According to Klout.com, Klout “…measures influence based on your ability to drive action. Every time you create content or engage followers you influence others. The Klout Score uses data from Twitter, Facebook, LinkedIn, and Foursquare.” 

For those of you who don’t know Klout uses the following to calculate its much admired score:

  • How many people you influence (True Reach)
  • How much you influence them (Amplification)
  • How influential they are (Network Score)

We have been using Klout to advise clients on how they are doing in terms of reach, amplification and audience.  Though it is not a silver bullet, it is a great tool for any PR professional. 

This week, Dick’s Sporting Goods partnered with Protecting Athletes through Concussion Education (PACE) on Klout Perks.  The backbone of the campaign is to reward key influencers or those with high Klout scores, with $50 dollar gift cards.  These influencers are Dick’s most loyal and supportive advocates for the company and the brands it sells.  In short, this is Dick’s way of saying thank you to these vocal supporters. 
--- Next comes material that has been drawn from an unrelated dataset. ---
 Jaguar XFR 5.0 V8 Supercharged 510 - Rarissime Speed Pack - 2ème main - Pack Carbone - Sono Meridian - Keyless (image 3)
The secondary goal is to raise awareness about athletic concussions and encourage young athletes to sign up for screenings.  Anyone who is following Dick’s Sporting Goods on Twitter is very likely to be engaged in the realm of casual, amateur or professional athletics, so sympathy towards this issue with its key influencers is both strategic and genuine. 

Klout Perks have partnered with marquee brands such as Nike and Disney, who are tapping their vast network of social media users and how they influence their online communities, in order to better target their products. 

Klout Co-founder and CEO Joe Fernandez has compared the use of Klout to what casinos have been doing for years.  Someone stays at a resort hotel and wins in the casino,, and get loads of complimentary service and room upgrades.  Has this ever happened to you?  Maybe, but we all can cite urban legends from “friends of friends” who have received the “royal treatment” room at a Casino.  Even so, everyone now has the thought in their head “if I go to Vegas, I could be in the penthouse suite!”  Unlikely, but the possibility is just real to enough to be a motivating factor.  Which is what Dick’s Sporting Goods, Klout and numerous other brands are betting on.    

The real question is, does this work?  Obviously if I was tweeting bout Dick’s Sporting Goods and I received a gift card, you would not hear me complain.  But companies should be cautious about using too many incentives to make influencers happy.  The reason this model works, is because it authentic.  And as soon as the social media universe deems something inauthentic, it loses relevance.